:: Available records ::
◆ ◆ ◆ ◆ ◆ ◆ ◆
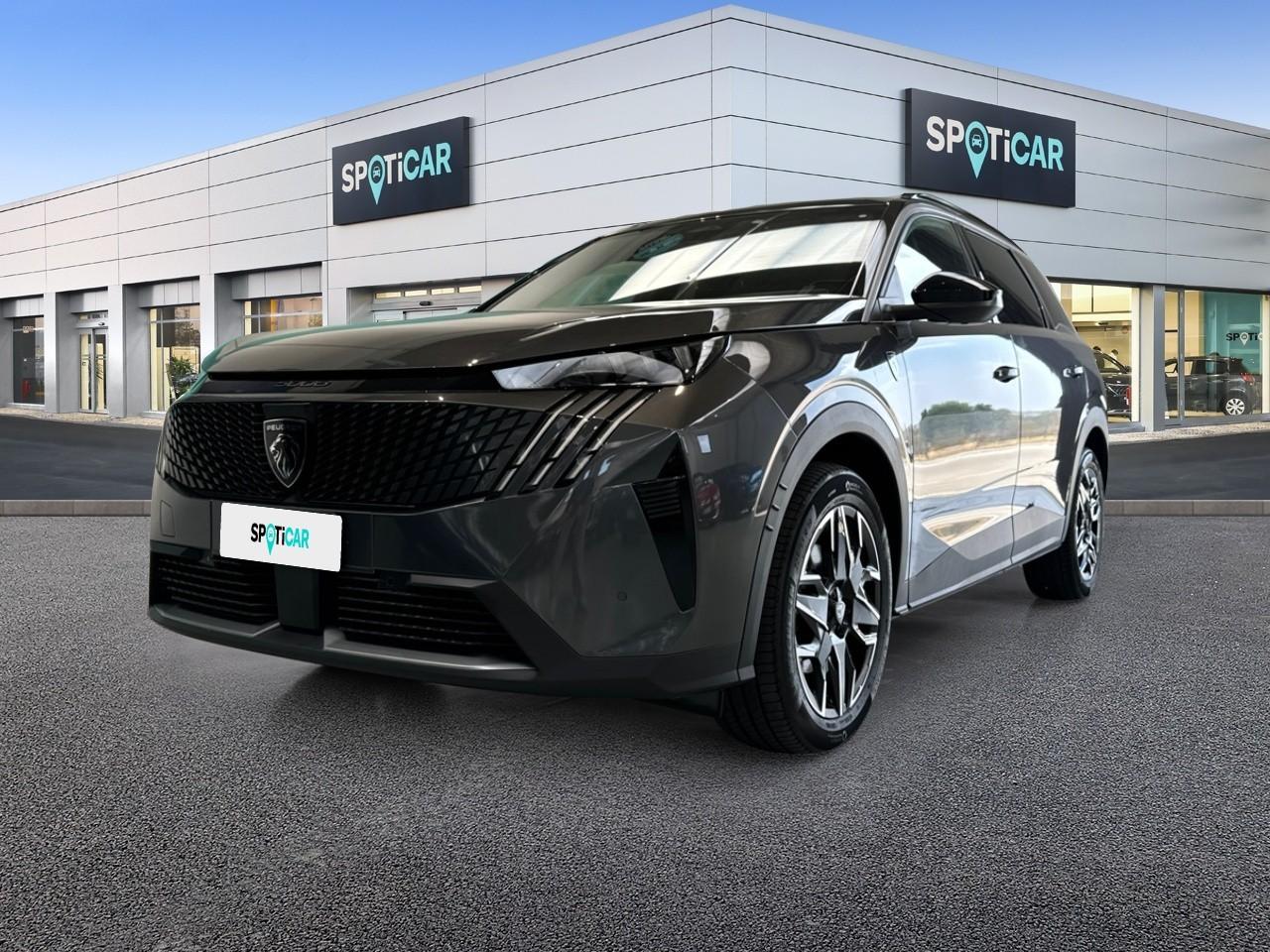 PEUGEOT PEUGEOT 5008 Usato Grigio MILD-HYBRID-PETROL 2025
◆ ◆ ◆ ◆ ◆ ◆ ◆
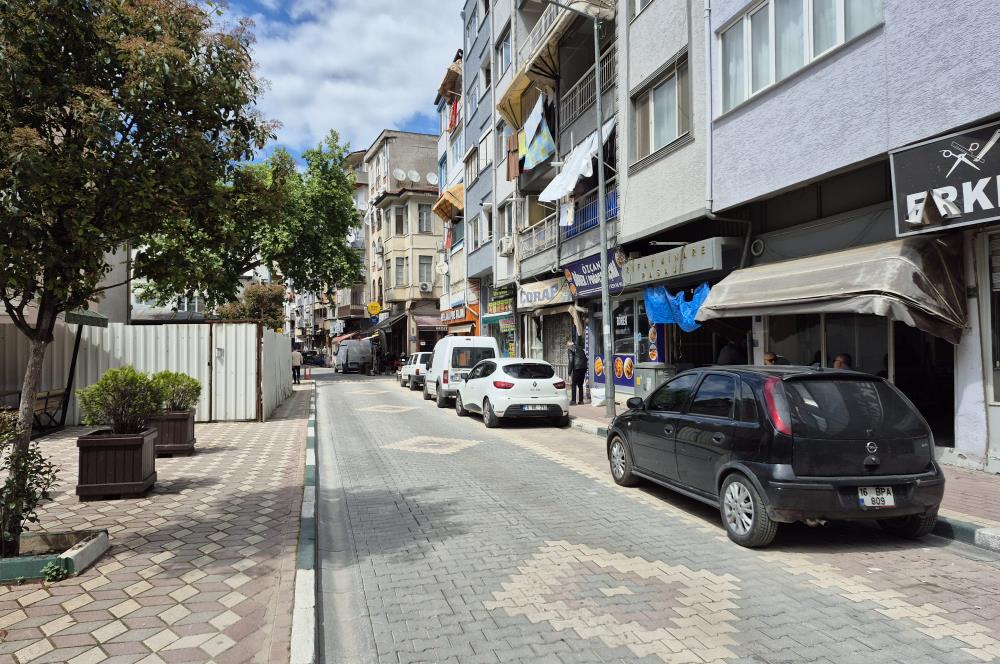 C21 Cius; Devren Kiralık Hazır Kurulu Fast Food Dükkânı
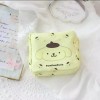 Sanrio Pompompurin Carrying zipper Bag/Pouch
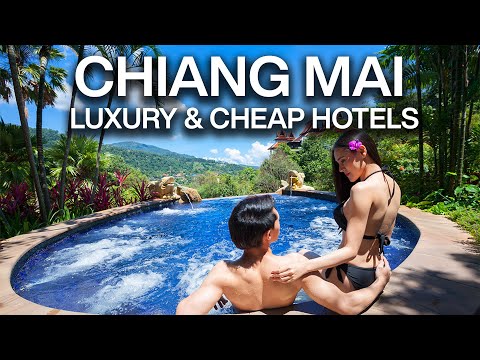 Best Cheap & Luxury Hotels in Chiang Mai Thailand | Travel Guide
◆ ◆ ◆ ◆ ◆ ◆ ◆
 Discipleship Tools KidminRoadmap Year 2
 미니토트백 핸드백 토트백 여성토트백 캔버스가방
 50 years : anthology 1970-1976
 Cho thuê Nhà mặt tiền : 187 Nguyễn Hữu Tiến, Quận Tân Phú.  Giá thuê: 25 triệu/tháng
◆ ◆ ◆ ◆ ◆ ◆ ◆
:: Task ::
In the entries above, the lines from the one bearing "미니토트백 핸드백 토트백 여성토트백 캔버스가방" up to and including the one bearing "Cho thuê Nhà" should be transcribed exactly; no other line is wanted.

:: Output ::
 미니토트백 핸드백 토트백 여성토트백 캔버스가방
 50 years : anthology 1970-1976
 Cho thuê Nhà mặt tiền : 187 Nguyễn Hữu Tiến, Quận Tân Phú.  Giá thuê: 25 triệu/tháng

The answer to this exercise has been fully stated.